In regards to the public debt crisis, he recommend to split the debt in two parts: a blue-good debt until 60% of the GDP mark mandated by the Maastricht treaty and a red-bad one which would be the rest. Varoufakis wants this bad debt to be “institutionalized”, with the ECB acting as an intermediary, selling those bonds to foreign capital at low interest rates but with a guarantee that states would pay back. He also claimed his way wouldn't violate any rules, which he thinks is what is happening with the current QE program.
Varoufakis pointed the lack of investment as the reason why Europe is in a big crisis. He explained the “money is stuck” and “the rich don't know what to do with their millions”. He mentioned negative interest rates in the bond markets and the lack of confidence in the stocks before dressing up in his tie-less keynesian macroeconomics teacher suit and higlighting productive investment as the only possible solution to this vicious cycle.
“Our model should be the New Deal from Roosevelt in the 1930s”
So what? “Our model should be the New Deal applied in the 1930s in the US by Roosevelt”, he answered to himself. Varoufakis explained that the European Investment Bank, funded by the ECB if necessary, should intervene and invest in productive sectors. He mentioned new factories, infrastructures, green energies. That would create quality jobs, strengthen the demand and give confidence to the rich to invest in more productive sectors.Finally, Varoufakis addressed to more “significant” crisis of all, the rise of poverty levels throughout Europe. He stressed that we Europeans “should be ashamed of ourselves” (also referring to refugees crisis there) and proposed another ECB measure to solve this “humanitarian issue”.
In his opinion, Mario Draghi should extend a check to all families facing poverty in Europe using the liabilities between national central banks generated by capital and trade flows. He again mentioned the VW purchase example to explain the German surplus. The effects of that same check to all families, regardless of their country, would have a “very unifying effect in all Europe”, preventing the rise of far-right nationalist movements.
A Pan-European movement to end each struggle
After explaining this four-step short-term plan, Varoufakis went on to his mid-long term project: creating a Pan-European movement. He claimed “national politics are dead”, as the way Greece “was crashed” demonstrates. Varoufakis indicated he is using this European tour to talk to many people, trying to create a program to democratize Brussels. He ironically recognized this as “a very radical idea: one person, one vote”. He wouldn't give names but said after the Greek government surrender he felt worries all around the continent that the same could happen anywhere.“National politics are dead, the way Greece was crashed demonstrated that”

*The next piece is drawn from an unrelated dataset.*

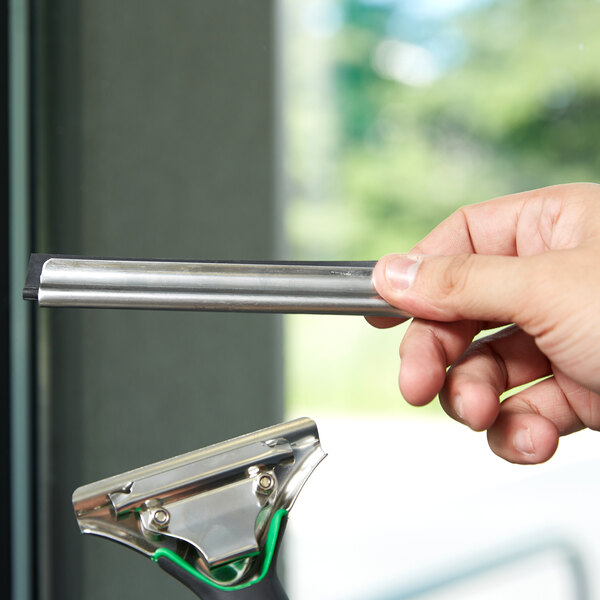 A hand using a Unger ErgoTec squeegee blade to clean a glass door.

Before ending his internationalist speech to hold Europe together in a same identity, he still had time to give another wink to the audience. He compared the Catalan struggle for independence to what the Greeks felt when banks were closed in June before the referendum. Or to what the Germans working in minijobs or the French living in the banlieues are feeling. “I felt the same when it was basically me against 18 in the Eurogroup. We need to stop our loneliness and start working together”, he claimed.A strong applause followed and closed the event, as no questions from the public were allowed.